Expected Charge Times

With NiCad / NiMh battery packs the formula for calculating the charge time of a fully discharged pack is:

Battery Capacity / Charge Current x 1.4 = Charge Time (hrs)

i.e. For a 1000mA Pack being charged at 100mA (standard 10% charge)

Charge Time = 1000/100x1.4 = 1.4hrs i.e. 1hr 24mins.

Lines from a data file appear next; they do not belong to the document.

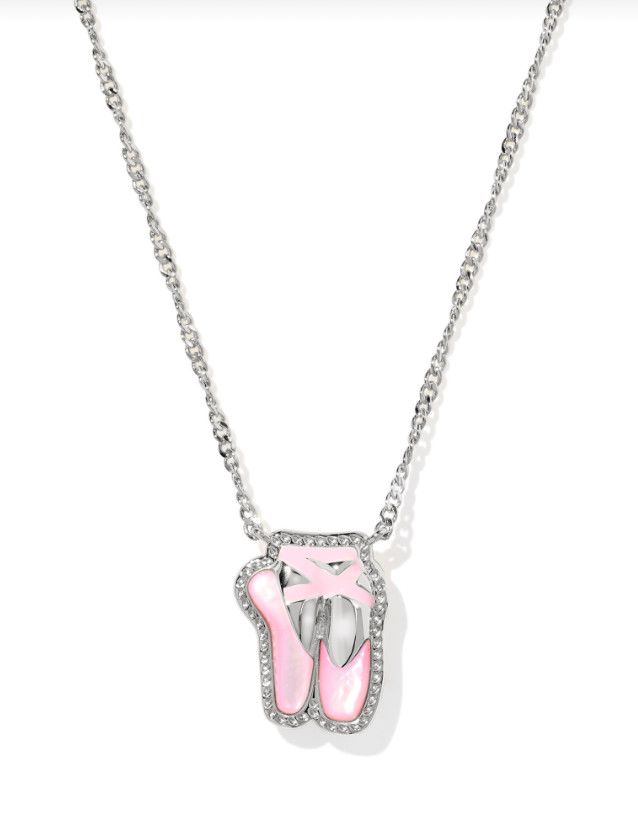 The Ballet Pendant Necklace Blush Mother of Pearl, Color: Silver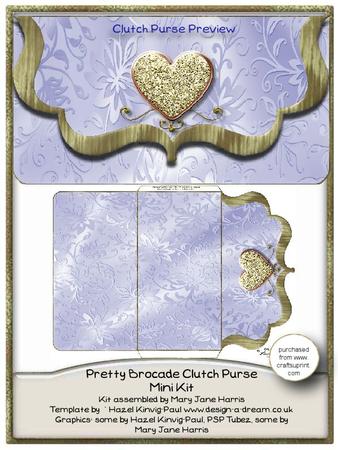 Pretty Brocade Clutch Purse Mini Kit 3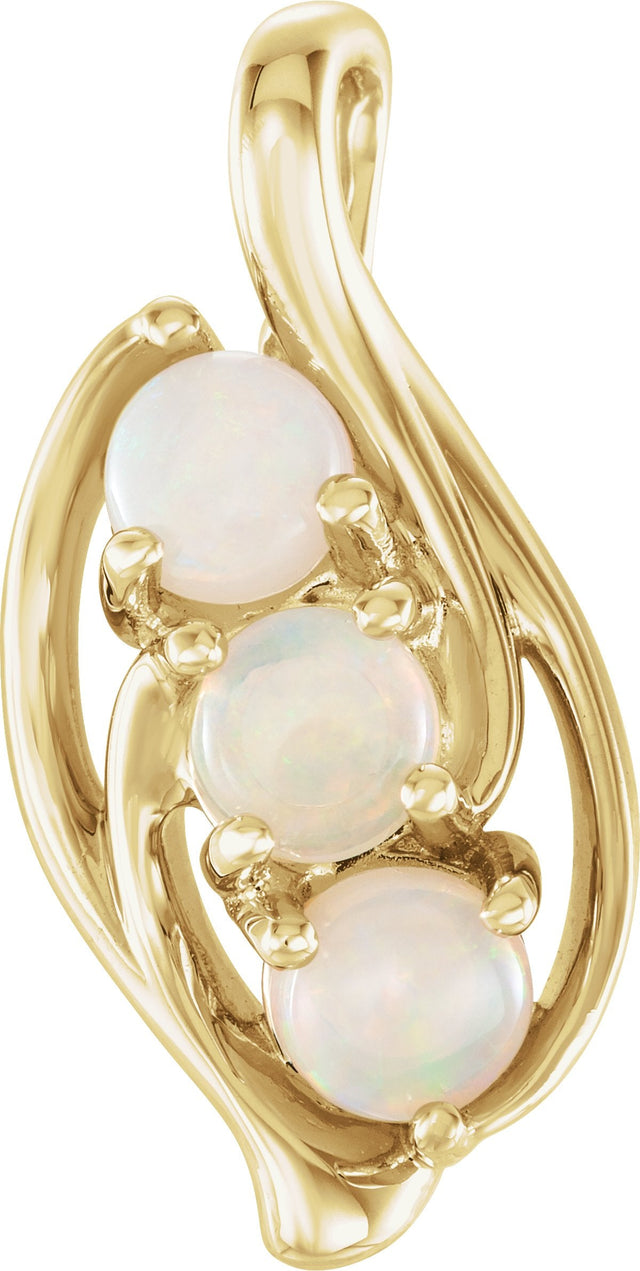 14K Gold Round Natural White Opal Three-Stone Cabochon Pendant - Yellow Gold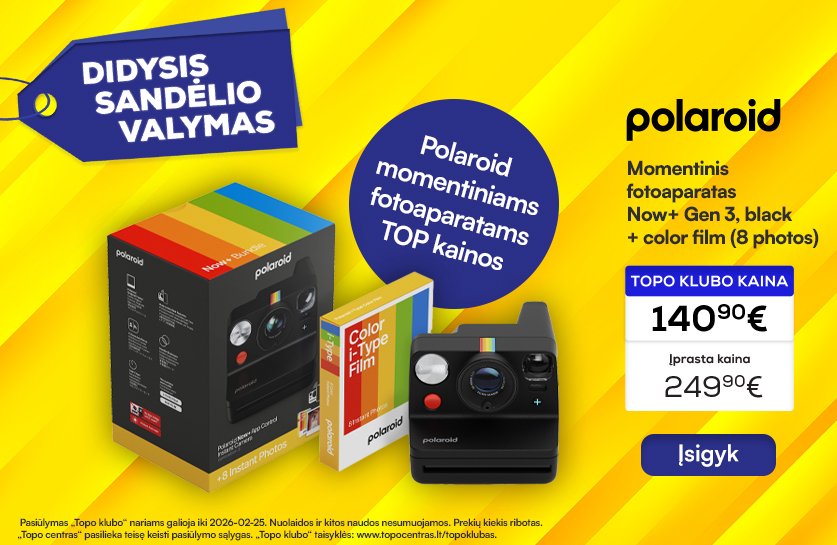 POLAROID momentiniams fotoaparatams TOP kainos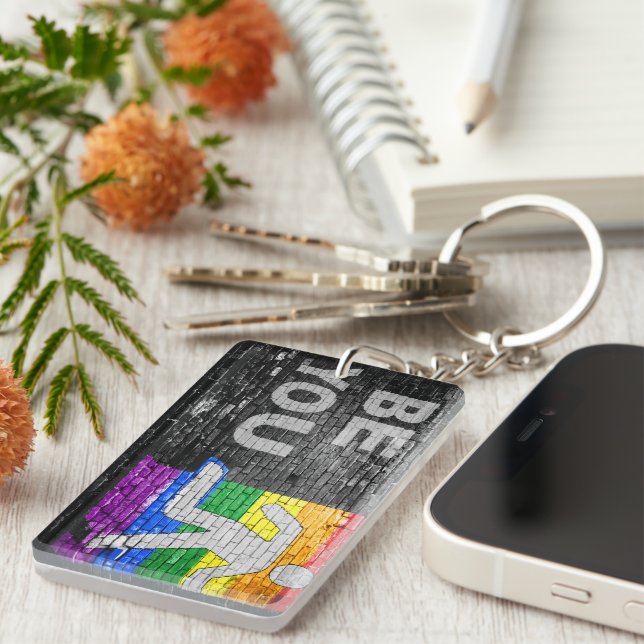 SlipperyJoe's rainbow pride colours panel urban st Key Ring (Front Right)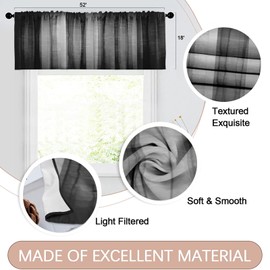 Emvency 2 Pack Valances Window Treatments, Black and Grey Striped Abstract Blackout Drapes Adjustable Curtain for Windows Living Room Kitchen Over Sink, 18x52 Inch Rod Pocket Valances
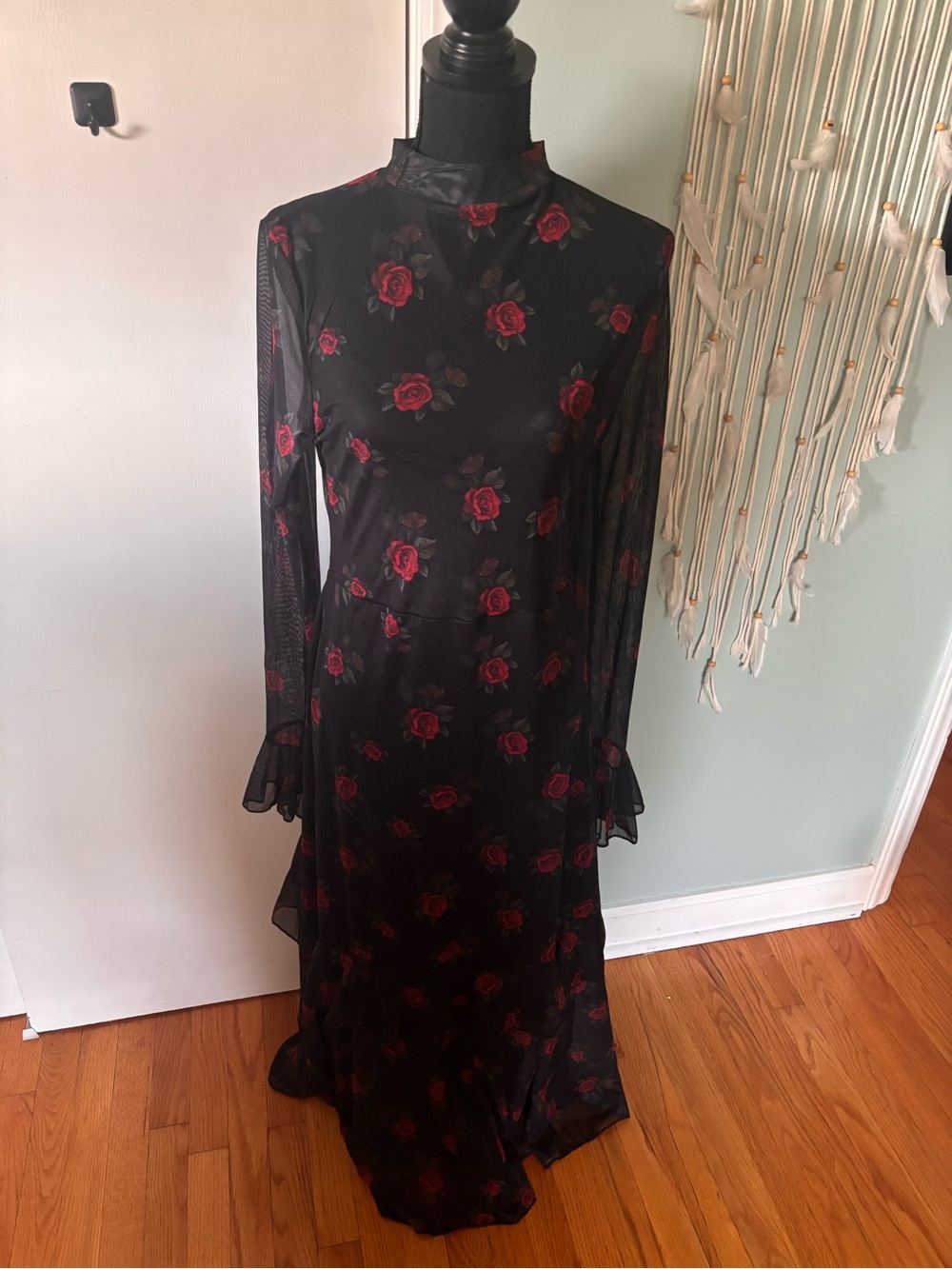 Long Black Dress with Red Rose Print - Elegant High Neck Dress XL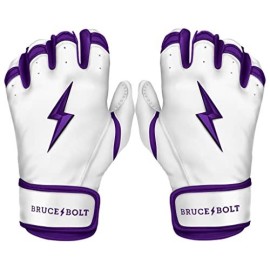 Bruce Bolt Chrome Series Short Cuff Purple Batting Glove - Purple Xlarge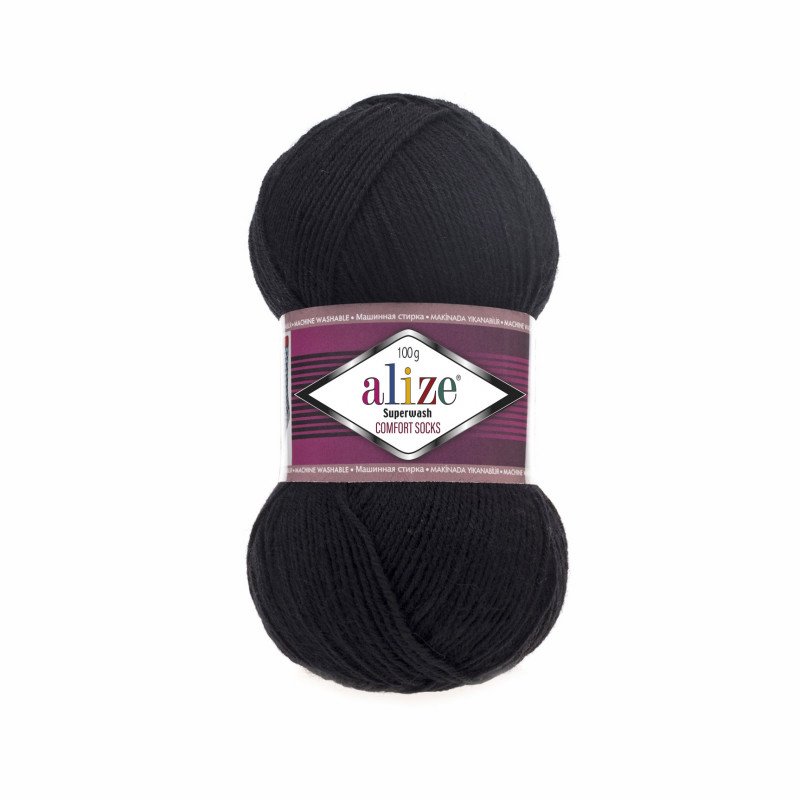 60 - juoda Alize Superwash Comfort 100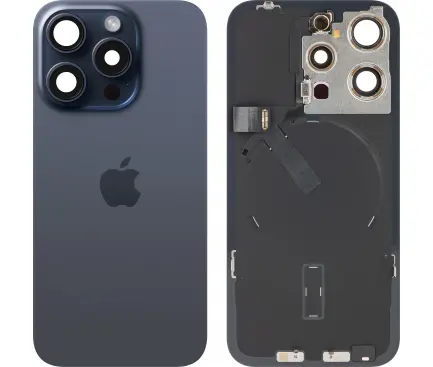 [APL-IP15PM-BLUT-GR.A] Оригинален капак—iPhone 15 Pro Max—Blue Titanium—Свален от телефон— Grade A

Unfortunately this is not the case for Lithium packs due to the final stage of the charge being at constant voltage with a declining charge current. I would surmise this adds another 10 - 15 minutes to the charge time resulting in a typical full charge for a LiPo pack of around 1hr 45mins instead of 1hr 24mins for a 1C charge. C = Pack Capacity.

Cell Charging Voltage

To 'push electricity' back into the battery to charge the battery the charge voltage must be greater than the battery voltage to overcome the resistance of the battery. The battery resistance will vary from battery to battery, type to type, as a consequence so will the voltage differential.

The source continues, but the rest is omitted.